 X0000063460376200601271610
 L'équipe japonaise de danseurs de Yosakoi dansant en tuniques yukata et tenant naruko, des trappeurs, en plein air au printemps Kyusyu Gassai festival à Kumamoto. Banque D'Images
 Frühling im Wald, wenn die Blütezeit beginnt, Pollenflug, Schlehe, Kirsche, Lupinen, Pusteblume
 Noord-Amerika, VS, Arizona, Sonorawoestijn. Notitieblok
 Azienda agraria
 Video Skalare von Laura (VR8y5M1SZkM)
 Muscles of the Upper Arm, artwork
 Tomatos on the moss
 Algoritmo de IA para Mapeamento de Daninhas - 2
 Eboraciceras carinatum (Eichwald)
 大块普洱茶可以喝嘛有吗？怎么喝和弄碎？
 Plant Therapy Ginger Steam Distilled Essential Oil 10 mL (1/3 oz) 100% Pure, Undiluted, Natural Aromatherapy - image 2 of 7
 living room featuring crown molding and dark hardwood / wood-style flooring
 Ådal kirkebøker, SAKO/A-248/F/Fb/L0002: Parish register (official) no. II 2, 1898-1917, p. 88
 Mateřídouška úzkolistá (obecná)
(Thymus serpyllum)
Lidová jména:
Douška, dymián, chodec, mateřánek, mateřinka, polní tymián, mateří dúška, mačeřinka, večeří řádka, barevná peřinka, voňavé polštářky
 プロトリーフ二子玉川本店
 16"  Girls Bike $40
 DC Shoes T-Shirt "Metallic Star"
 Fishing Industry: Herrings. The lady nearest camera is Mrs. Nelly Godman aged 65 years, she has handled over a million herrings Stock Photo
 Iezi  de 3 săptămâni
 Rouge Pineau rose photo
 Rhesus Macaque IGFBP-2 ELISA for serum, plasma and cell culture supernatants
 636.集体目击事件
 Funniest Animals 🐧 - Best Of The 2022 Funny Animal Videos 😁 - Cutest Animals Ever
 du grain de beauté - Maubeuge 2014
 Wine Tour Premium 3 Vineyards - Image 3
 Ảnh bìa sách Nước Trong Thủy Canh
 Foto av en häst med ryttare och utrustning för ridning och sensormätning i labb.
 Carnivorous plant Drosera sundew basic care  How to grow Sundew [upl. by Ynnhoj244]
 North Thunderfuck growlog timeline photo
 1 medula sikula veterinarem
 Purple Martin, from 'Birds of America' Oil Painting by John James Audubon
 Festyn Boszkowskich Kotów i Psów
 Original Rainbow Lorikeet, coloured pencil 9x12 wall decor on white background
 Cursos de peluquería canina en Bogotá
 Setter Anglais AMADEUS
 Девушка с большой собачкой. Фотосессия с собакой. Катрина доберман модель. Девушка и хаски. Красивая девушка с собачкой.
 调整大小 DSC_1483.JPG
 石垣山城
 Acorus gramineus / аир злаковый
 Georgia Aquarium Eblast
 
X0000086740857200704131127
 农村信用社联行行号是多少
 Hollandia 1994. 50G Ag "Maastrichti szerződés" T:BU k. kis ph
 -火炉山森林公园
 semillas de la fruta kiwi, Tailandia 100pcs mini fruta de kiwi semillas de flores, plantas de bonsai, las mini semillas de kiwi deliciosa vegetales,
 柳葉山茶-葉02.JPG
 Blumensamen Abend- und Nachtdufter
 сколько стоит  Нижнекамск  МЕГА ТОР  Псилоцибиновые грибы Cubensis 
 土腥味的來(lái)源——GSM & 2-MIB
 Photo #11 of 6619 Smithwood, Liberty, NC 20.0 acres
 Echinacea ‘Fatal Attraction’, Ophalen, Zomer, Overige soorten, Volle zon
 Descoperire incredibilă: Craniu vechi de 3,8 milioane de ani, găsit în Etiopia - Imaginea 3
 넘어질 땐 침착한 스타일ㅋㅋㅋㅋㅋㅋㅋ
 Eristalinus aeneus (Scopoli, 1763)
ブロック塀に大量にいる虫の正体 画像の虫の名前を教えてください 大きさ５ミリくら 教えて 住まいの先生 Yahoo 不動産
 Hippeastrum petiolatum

※

### [Work instructions]
Take the lines above from the first through the one containing "Frühling im Wald, wenn" and reproduce them exactly; include nothing else.

### [Answer section]
 X0000063460376200601271610
 L'équipe japonaise de danseurs de Yosakoi dansant en tuniques yukata et tenant naruko, des trappeurs, en plein air au printemps Kyusyu Gassai festival à Kumamoto. Banque D'Images
 Frühling im Wald, wenn die Blütezeit beginnt, Pollenflug, Schlehe, Kirsche, Lupinen, Pusteblume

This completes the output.